*Exercise prompt*: Look through the lines below and extract each one that contains "Плитка".

(Collected data)
__________________________________________________

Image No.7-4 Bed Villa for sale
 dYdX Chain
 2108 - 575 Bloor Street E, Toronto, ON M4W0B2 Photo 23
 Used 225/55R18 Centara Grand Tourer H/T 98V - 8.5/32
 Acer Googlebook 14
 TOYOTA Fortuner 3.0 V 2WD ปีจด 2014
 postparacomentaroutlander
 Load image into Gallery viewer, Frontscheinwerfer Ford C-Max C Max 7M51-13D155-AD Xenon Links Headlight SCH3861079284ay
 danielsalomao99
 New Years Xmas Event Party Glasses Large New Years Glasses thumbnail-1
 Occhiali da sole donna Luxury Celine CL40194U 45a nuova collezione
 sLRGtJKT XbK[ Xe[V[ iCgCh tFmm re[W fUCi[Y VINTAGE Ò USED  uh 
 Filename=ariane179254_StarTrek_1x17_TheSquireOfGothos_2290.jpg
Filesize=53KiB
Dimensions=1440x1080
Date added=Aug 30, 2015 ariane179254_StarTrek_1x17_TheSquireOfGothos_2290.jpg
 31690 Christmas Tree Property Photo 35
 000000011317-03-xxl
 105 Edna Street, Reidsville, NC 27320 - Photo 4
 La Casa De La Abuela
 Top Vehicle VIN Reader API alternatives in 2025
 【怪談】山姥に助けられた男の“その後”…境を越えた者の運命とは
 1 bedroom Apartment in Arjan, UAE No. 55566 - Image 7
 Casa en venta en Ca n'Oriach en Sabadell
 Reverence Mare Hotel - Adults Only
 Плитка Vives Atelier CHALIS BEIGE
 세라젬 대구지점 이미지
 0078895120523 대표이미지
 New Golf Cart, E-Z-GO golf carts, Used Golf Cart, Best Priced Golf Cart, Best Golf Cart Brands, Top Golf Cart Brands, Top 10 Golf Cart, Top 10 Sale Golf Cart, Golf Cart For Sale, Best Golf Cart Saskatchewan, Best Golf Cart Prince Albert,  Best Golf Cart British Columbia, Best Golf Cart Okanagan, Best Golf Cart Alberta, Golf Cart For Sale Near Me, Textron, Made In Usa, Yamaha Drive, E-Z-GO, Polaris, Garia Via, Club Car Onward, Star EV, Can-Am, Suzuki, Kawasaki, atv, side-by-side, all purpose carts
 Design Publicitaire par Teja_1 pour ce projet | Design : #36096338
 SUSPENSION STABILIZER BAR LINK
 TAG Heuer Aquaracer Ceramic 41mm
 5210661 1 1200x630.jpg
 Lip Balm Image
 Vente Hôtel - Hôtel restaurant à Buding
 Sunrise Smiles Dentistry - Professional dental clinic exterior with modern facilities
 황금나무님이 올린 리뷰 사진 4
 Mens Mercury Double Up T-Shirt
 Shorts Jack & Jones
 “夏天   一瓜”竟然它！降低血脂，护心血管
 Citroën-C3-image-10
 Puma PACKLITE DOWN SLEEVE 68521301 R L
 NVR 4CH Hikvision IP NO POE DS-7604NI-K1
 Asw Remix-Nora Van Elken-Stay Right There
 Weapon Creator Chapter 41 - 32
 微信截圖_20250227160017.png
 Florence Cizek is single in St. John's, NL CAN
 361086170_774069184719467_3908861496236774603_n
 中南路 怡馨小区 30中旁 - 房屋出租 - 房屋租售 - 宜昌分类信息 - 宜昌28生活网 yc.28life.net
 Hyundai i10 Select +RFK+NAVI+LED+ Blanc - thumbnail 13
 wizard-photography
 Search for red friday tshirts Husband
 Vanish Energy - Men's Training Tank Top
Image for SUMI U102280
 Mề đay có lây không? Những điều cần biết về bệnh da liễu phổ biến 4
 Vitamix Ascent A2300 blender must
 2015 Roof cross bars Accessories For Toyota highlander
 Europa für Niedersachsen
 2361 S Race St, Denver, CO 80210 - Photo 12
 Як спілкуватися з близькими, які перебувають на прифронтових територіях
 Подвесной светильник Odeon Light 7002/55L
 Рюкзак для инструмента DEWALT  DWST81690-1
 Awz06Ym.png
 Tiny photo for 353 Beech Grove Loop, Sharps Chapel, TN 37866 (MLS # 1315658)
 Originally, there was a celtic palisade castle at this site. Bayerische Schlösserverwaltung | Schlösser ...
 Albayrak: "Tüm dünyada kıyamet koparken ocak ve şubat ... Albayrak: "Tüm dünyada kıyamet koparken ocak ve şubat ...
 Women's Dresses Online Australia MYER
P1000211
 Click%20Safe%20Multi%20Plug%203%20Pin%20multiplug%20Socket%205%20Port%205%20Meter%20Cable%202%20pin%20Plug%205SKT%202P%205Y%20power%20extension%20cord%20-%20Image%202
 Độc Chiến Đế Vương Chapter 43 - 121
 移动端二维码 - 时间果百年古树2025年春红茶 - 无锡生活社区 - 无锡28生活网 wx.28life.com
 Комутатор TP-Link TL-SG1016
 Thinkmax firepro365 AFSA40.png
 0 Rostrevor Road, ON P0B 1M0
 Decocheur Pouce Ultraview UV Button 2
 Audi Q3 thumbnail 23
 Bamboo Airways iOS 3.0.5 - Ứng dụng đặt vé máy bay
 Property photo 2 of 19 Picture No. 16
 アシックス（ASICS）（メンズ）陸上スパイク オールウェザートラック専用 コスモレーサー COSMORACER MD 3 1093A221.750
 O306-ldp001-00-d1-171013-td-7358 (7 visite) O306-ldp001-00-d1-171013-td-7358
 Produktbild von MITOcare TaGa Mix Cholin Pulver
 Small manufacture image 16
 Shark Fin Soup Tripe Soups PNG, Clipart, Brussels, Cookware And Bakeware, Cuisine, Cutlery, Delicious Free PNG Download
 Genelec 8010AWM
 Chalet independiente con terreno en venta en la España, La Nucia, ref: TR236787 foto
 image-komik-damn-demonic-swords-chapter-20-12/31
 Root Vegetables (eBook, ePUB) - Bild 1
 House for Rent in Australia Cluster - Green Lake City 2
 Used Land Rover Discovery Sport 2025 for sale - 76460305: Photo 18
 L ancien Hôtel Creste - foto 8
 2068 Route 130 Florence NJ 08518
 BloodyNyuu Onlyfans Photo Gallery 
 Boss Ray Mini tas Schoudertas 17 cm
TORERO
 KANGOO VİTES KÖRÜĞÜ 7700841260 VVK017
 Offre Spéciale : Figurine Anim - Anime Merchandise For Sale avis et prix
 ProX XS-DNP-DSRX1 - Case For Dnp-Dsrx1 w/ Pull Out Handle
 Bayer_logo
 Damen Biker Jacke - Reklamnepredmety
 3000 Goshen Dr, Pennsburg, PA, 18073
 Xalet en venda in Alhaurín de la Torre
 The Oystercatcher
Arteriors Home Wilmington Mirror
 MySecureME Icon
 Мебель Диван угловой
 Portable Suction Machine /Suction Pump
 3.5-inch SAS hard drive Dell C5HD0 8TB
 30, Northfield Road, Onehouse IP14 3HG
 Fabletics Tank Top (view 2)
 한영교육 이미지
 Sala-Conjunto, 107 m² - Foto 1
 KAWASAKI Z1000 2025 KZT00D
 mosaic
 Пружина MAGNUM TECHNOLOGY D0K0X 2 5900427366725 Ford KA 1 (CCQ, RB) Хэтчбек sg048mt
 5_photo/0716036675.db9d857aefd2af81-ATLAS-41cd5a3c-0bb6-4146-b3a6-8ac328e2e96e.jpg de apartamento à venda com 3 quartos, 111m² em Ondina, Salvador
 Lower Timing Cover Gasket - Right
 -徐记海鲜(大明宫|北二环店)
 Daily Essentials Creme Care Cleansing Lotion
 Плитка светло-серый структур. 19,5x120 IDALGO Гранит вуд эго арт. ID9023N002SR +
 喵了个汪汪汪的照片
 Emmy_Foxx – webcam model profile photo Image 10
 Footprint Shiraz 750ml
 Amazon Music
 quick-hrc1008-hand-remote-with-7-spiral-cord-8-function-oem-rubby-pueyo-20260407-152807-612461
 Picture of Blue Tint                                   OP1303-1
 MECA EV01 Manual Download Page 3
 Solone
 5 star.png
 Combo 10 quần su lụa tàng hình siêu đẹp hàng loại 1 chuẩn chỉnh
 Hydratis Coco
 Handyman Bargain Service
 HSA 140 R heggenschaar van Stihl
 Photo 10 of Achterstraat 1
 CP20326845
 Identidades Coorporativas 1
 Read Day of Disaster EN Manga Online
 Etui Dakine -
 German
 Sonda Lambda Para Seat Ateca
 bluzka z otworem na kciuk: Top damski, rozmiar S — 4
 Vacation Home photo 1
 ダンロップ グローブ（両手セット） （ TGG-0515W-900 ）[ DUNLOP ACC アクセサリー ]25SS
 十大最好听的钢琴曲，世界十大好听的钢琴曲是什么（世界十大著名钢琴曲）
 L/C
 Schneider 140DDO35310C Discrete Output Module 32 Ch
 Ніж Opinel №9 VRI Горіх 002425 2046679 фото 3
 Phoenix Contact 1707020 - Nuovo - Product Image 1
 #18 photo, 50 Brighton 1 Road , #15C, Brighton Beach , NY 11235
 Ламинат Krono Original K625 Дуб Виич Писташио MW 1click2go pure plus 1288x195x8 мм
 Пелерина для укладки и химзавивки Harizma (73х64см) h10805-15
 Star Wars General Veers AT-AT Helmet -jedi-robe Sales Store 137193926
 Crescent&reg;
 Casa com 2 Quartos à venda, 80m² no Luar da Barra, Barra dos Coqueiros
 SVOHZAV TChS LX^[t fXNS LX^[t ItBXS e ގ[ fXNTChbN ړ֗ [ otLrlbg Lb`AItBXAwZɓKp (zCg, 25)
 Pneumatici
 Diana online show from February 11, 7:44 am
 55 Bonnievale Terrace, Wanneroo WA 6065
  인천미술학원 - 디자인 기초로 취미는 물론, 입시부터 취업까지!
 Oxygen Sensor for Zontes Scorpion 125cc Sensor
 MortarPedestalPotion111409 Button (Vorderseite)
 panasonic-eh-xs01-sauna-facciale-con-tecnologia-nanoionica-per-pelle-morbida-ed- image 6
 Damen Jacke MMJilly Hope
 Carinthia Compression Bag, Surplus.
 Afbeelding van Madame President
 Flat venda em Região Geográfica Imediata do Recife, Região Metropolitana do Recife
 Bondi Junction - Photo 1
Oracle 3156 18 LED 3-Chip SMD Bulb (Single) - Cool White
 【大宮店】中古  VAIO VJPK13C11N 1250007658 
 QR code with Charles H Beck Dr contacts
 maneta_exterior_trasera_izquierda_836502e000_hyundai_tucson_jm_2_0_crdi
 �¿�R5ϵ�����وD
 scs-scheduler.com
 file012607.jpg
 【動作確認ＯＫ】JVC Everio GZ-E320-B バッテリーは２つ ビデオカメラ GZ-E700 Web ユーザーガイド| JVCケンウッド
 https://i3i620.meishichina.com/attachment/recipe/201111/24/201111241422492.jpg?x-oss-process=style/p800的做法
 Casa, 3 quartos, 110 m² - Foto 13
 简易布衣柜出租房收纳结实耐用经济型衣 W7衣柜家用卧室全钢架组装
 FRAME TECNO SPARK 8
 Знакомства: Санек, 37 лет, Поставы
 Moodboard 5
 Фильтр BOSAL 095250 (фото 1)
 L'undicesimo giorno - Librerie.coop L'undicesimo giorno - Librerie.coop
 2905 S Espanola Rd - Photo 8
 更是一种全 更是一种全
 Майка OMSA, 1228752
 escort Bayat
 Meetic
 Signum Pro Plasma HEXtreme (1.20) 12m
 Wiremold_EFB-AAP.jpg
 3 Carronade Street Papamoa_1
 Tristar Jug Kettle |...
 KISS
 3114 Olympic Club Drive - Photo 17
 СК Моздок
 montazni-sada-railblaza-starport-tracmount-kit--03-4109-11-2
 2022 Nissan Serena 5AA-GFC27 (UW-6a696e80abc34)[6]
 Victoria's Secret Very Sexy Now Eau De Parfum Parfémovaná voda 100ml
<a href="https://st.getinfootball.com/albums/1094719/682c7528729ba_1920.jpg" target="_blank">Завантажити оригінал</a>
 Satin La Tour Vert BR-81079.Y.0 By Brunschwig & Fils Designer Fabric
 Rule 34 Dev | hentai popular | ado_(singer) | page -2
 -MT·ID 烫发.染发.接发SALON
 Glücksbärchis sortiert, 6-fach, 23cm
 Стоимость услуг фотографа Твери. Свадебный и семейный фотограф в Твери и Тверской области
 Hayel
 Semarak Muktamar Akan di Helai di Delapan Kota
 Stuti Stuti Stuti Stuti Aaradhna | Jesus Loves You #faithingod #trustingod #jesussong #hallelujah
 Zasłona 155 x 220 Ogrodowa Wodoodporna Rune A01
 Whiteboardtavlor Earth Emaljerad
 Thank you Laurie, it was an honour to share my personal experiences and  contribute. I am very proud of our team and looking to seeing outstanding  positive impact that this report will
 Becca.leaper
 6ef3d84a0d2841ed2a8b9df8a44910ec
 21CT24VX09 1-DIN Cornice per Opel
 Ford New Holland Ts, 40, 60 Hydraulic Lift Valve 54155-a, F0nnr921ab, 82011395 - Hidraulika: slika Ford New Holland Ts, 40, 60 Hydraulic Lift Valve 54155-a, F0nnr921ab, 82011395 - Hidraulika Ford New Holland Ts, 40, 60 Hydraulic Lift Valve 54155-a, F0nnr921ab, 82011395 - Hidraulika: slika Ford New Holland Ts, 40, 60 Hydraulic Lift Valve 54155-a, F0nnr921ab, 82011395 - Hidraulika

__________________________________________________

*Expected answer*:
 Плитка Vives Atelier CHALIS BEIGE
 Плитка светло-серый структур. 19,5x120 IDALGO Гранит вуд эго арт. ID9023N002SR +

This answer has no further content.